Liall’s emotions were at war, tugging him between strong desire and good sense, yet he found the will to frown at Scarlet in rebuke. “You will be put ashore to the north above Morturii, where you should be safe from the Byzan army. You know enough of the language and customs to g
et by.” He wondered who he was trying to convince.
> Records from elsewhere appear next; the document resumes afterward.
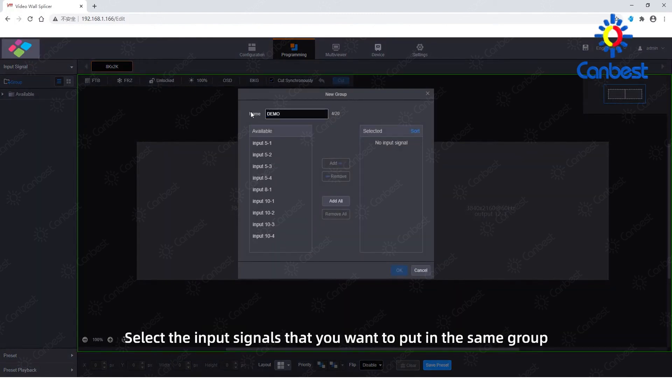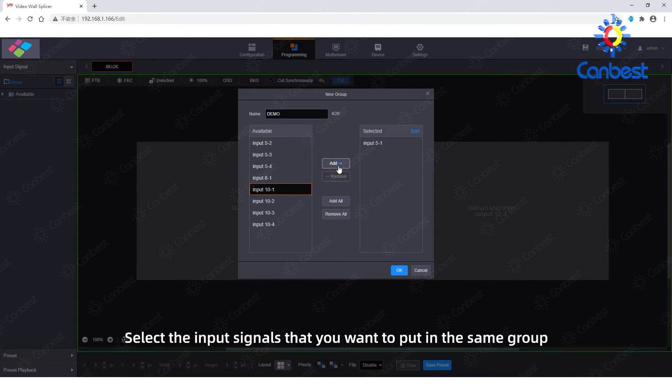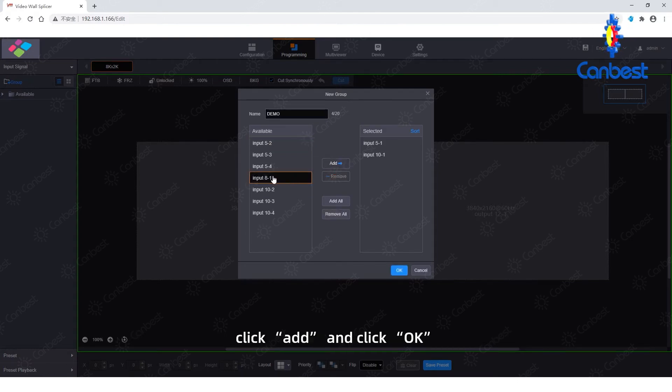Select the input signals that you want to put in the same group. Click Add and click OK.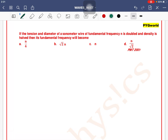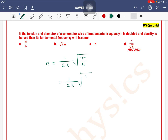If tension and diameter of a wire of fundamental frequency n is doubled and density is halved, then its fundamental frequency will become — we know that for a sonometer wire, fundamental frequency is given as 1 by 2l under root of T by mu, where mu means mass per unit length.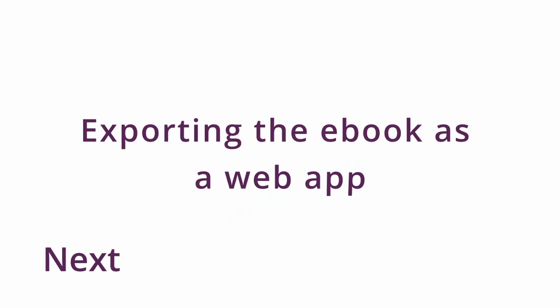And that's it. In the next video, we will show you how to export your eBook as a web app. Stay tuned.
Scarlet shrugged lightly and drew back with a smile, clearly not intending to be left behind anywhere. “You didn’t answer me.”
“Rshan na Ostre is a four month journey by sea.”
Scarlet’s teasing manner abruptly vanished. He thumped Liall hard on the arm. “That’s not even a real place!”
Liall was so surprised that he laughed outright. “What do you mean, not real?”
Scarlet was indignant. “It’s a fairy tale. Scaja used to tell me about it when I was no bigger than that barrel there. The Land of Demons, where the Shining Ones live,” he scoffed. “Rshan! Do you take me for a fool?”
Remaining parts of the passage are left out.